TASK TO CARRY OUT: Quote exactly and only this range of lines in the data below: the line that holds "Sculpture of Optimus" to the line that holds "Bildtitel: Caravaca-Kreuz auf", both included.

DATA RECORDS:
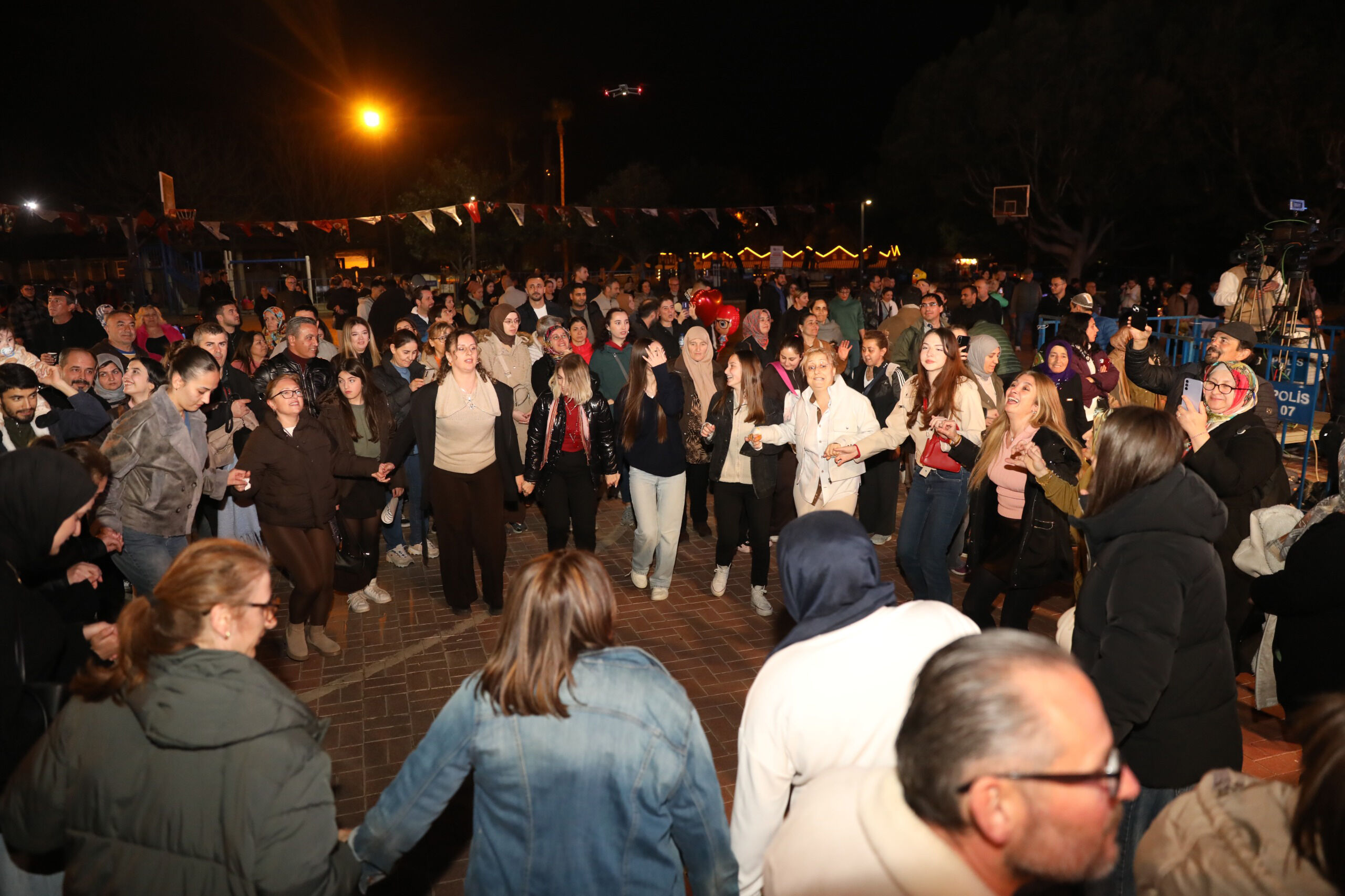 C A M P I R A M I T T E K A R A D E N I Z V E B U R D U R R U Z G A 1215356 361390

--

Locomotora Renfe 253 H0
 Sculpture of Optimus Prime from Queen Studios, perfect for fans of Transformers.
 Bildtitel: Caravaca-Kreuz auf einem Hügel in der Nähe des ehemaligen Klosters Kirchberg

YOUR SOLUTION:
 Sculpture of Optimus Prime from Queen Studios, perfect for fans of Transformers.
 Bildtitel: Caravaca-Kreuz auf einem Hügel in der Nähe des ehemaligen Klosters Kirchberg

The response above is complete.